From: Daniel Lowd (lowd@cs.washington.edu)
Date: Wed Oct 20 2004 - 01:02:46 PDT
This paper proposed an alternative to TCP that they called "XCP",
specially designed to cope with congestion on high bandwidth, high RTT
networks. The strength of their protocol is that they can achieve full
bandwidth utilization much more quickly by providing detailed congestion
feedback. The cost of this is more fields devoted to congestion control,
and intelligent routers that handle those fields. Their approach also
decouples efficiency and fairness: the router determines how much to
increase or decrease traffic (efficiency) and whose traffic to adjust
(fairness) separately.
It should come as no surprise that providing more information allows for
finer control. However, in the face of all the claims made by this paper
("It's always better in every scenario and lets you do more stuff!") I
found myself somewhat skeptical. For example, the stability analysis
assumed that every flow was identical: this is clearly unrealistic. The
experiments investigating a variety of different scenarios helped address
some of this in practice.
Furthermore, it seems that the routers are more vulnerable to malicious
hosts, since they depend on more information from them. A regular old IP
router doesn't have to believe any round trip times or window sizes. And
unless the XCP router keeps track of some per-flow state, it can never
tell if it's being fooled. The authors note that a router could
spot-check its connections, but a router can probably only afford that for
a small minority of its flows. Analogously, as long as highway patrolmen
are sufficiently infrequent, people will continue to speed.

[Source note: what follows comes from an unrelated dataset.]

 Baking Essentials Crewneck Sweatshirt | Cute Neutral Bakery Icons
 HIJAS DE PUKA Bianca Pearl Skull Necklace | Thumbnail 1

Before deploying this widely, I would want to see a more detailed security
analysis -- what happens when, due to malice or negligence, a host lies
about its cwnd and rtt? What happens when many hosts lie, either
overestimating or underestimating? I noticed that the cwnd is never
smaller than a single packet. What happens if the host simply increases
their packet size to, say, 1 megabyte, and then fragments it? How hard is
it for a clever adversary to trick the fairness criteria into squeezing
out all other traffic?
The final challenge is, of course, deployment. I thought that aspect was
handled quite well. The authors described how "bilingual" routers could
offer XCP when the hosts were compatible and TCP congestion control
otherwise. This seemed fair.
Overall, I think this paper is useful for thinking about how networks
could be made more efficient by leveraging more information in routers.
The gains look impressive, and the experiments cover a variety of
scenarios, but I remain wary of what ill-performing hosts could do.